I start a pit fire in the backyard and sit with my bottle of Jim and my joint while the boy wanders the woods with my headlamp and his camera.

      “Remember to use the flash,” I call to the boy.

      “Stop yelling.” Angela emerges from behind her hedge, decked out in camo. She nearly scares the bleep out of me.

      “It’s a full moon,” she tells me. “The Sasqui are most active during a full moon.”

      I just nod and take a long drag from my joint. Angela heads into the woods to spend the night in her deer stand. It occurs to me that she is batshit crazy.

      I watch her disappear into the brush and feel my business/personal/burner phone vibrating in my pants. It’s a flip and built like the piece of shit I am; the caller ID screen is broken, the antennae is missing, and calls always break up on the other line. But I always answer the calls. Business never sleeps, except in the off-season, and I need the money, especially when it’s the off-season.

      “This is Desperate House Guy: Handyman For Hire.”

      “It’s me.”

      “Who?”

      “Your sister. How’s he doing?”

      “Who?”

      “My son. Your nephew. Have you used the first aid kit yet?”

      “He’s fine. We just got back from dinner. Did some real bonding. We’re having the time of our lives.”

      I yell to the boy, who is pushing a massive branch into the fire. “Come tell your mother how much fun you’re having!”

      The boy shakes his head as the branch catches fire. The flames spit and lick their way up the gnarled wood.

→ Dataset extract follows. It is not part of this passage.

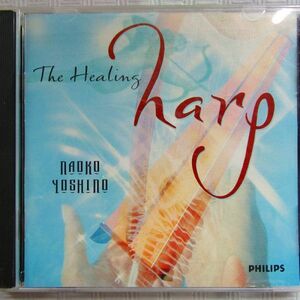 【米盤】吉野直子「ヒーリング・ハープ　ハープ名曲集」1995年
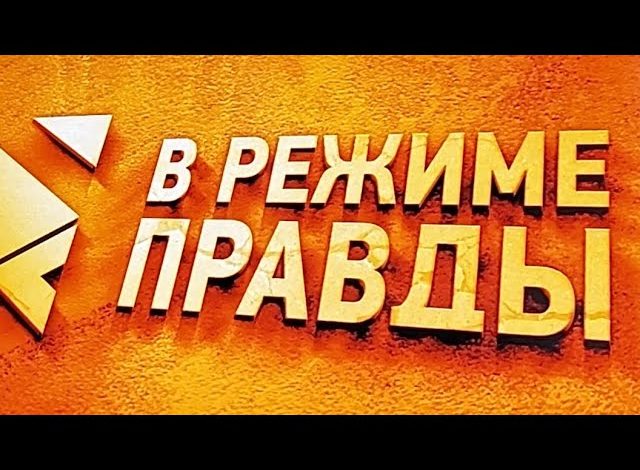«Перамены» по-украински: кому они выгодны?|Фейки о «щедром Западе»|Лицемерный Майдан (видео)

      I tell my sister her son is busy. He’s writing what looks like the word BLEEP in the air with part of the burning branch. The smoke outlines words in the air like a plane’s exhaust or a child’s crude handwriting.

      “By the way, how’s Mark? Does he have the shakes yet? Best not to go near him. Leave the bathroom door unlocked. Maybe fill the tub with water. Let him sweat it out.”

      I can hear her sigh on the other line and I imagine she’s doing that lip tuck thing. “Listen, I think we’re getting a divorce,” she says. “Mark and me.”

      I let the crackling fire fill the silence. My sister is crying on the other line. Maybe I’m a worse person than I let on. But I don’t feel sorry for her. She’s disapproved of nearly every lifestyle choice I’ve made in the past 15 years. Her husband—I guess soon to be former husband— a small business lawyer, hasn’t once offered me even a shred of pro bono advice. The both of them lead miserable lives. It’s the boy I feel sorry for.

      Maybe if I were a better person I’d have something more supportive to say to her than, “I hope this is the best thing for the boy.” But that’s what I say.

      Eventually we hang up and I tell the boy his mother and father miss him a lot. I grab a flaming branch of my own and write the word divorce in the air but it just appears as a jumble of smoke.

***

That night I dream I wander into the woods to spook Angela, sneak up behind her in her deer stand. I lurk around by the light of the full moon, tiptoeing amongst the architecture of the forest, sticks and bramble and spider webs, in my drunken state. And even though I can see well I don’t notice the fox trap that wraps around my foot and digs its teeth into my ankle. Blood trickles and shines crimson in the moonlight. And I yell for the boy but my words come out more beastly and guttural than any sort of human communication, something like, “Ahhhh Rawrrrrrr!” The pain is mine and the noises are my pain and the more I pull on the fish hook-like trap the more it latches into my flesh and the pain and the noises my mouth make become one in the night.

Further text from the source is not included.